Einen Menschen kennen - und einen Menschen WIRKLICH kennen, ihm begegnen, macht einen großen Unterschied, erklärt Domkapitular Anton Spreitzer in seiner Predigt zum 14. Sonntag im kirchlichen Jahreskreis am 4. Juli 2021. Mit Christus verhält es sich nicht anders. Erst in der Begegnung mit ihm lernen wir ihn auch wirklich kennen.
Hand auf’s Herz: Von welchen Menschen würden Sie sagen, dass Sie sie kennen? Also: nicht nur oberflächlich irgendwie mit ihnen bekannt sind, sondern sie wirklich kennen? Wirklich wissen, wer sie sind? Ich vermute, es geht Ihnen ähnlich wie mir: Wenn wir mit einer so hohen Messlatte unsere Bekanntschaften durchgehen, dann bleiben nicht wirklich viele Menschen übrig.
Das erschreckt einerseits und macht vielleicht verlegen; auf der anderen Seite aber ist es auch irgendwie verständlich. Denn einen anderen kennen, ihn oder sie wirklich kennen – dazu braucht es vor allem eines: dass man sich auch wirklich begegnet, nicht nur nebeneinander her lebt oder sich nur flüchtig bekannt macht und eigentlich eher aneinander vorbeigeht. Es braucht, dass man voreinander stehen bleibt, von Angesicht zu Angesicht – im wirklichen und im übertragenen Sinn. Erst wenn ich und der oder die Andere Zeit haben, einen Blick aufeinander zu werfen, und noch einen zweiten und dritten; wenn wir uns Zeit gönnen füreinander und miteinander – dann kann es zu einem wirklichen Kennen und Erkennen kommen.

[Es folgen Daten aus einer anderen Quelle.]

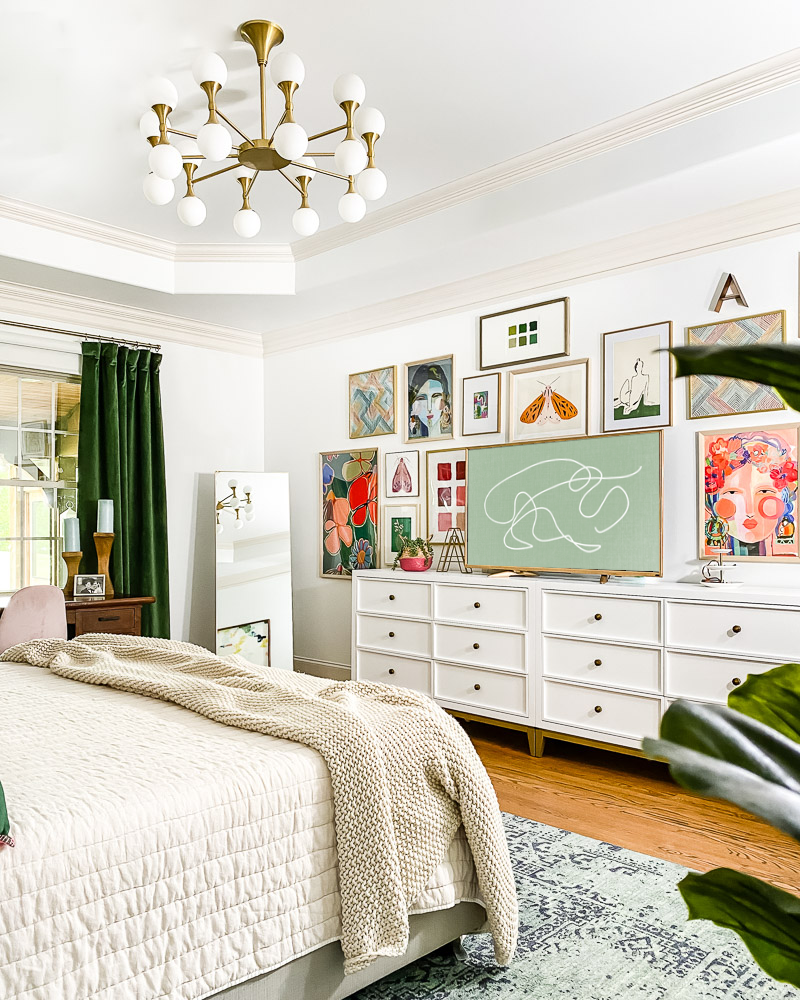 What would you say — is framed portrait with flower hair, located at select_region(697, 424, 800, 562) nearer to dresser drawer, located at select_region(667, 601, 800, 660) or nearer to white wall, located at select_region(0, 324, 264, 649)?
dresser drawer, located at select_region(667, 601, 800, 660)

Ihnen entgeht ein toller Beitrag!
Es wundert nicht, dass in einer Zeit wie der unseren, in der der Zeitmangel chronisch geworden und Stress schon eine Art Volkskrankheit geworden ist, wirkliches Kennenlernen und gegenseitiges Erkennen immer seltener wird. Aber wir brauchen nicht zu meinen, dass das in früheren Zeiten recht viel anders war. Da hatte man zwar mehr Zeit für viele Dinge; und so etwas wie Stress ist tatsächlich eine der vielen zweifelhaften Errungenschaften erst unserer technischen Superwelt. Aber was das wirkliche Kennen und Erkennen anderer Menschen anbelangt – da sind wir nicht schlechter dran als unsere Vorfahren.
Jesus erfährt es im Evangelium des heutigen Sonntags am eigenen Leib: Er lehrt in der Synagoge seiner Heimatstadt und versetzt die Menschen dort in Erstaunen über seine Weisheit und die Machttaten, die durch ihn geschehen. Sie fragen: „Woher hat er das alles?“ Und sie versuchen es sich zu erklären, indem sie das tun, was wir auch heute noch so oft und gerne miteinander tun: sie stecken Jesus in eine Schublade: „Ist das nicht der Zimmermann, der Sohn der Maria und der Bruder von Jakobus, Joses, Judas und Simon? Leben nicht seine Schwestern hier unter uns?“
Kurz gefasst: Sie sagen sich: Den kennen wir ja; wir wissen, wer er ist. Kein anderer als wir auch. – Das sagen sie zu sich; und sie wünschen sich, dass es so wäre. Aber in Wirklichkeit ist es ganz anders: Jesus ist eben nicht wie sie! Und weder passt noch gehört er in die Schublade, die sie für ihn vorbereitet haben. Und weil die Leute das nicht wahrhaben wollen, nehmen sie Anstoß an ihm und lehnen ihn ab.
Offenbar gibt es eine Nähe, die zu nah ist und gleichzeitig keine wirkliche Begegnung, nur eine oberflächliche und darum scheinbare Vertrautheit. Echtes gegenseitiges Kennen und Erkennen braucht: den richtigen Abstand, den richtigen Blick, Zeit für richtige Begegnung – und geschlossene Schubläden.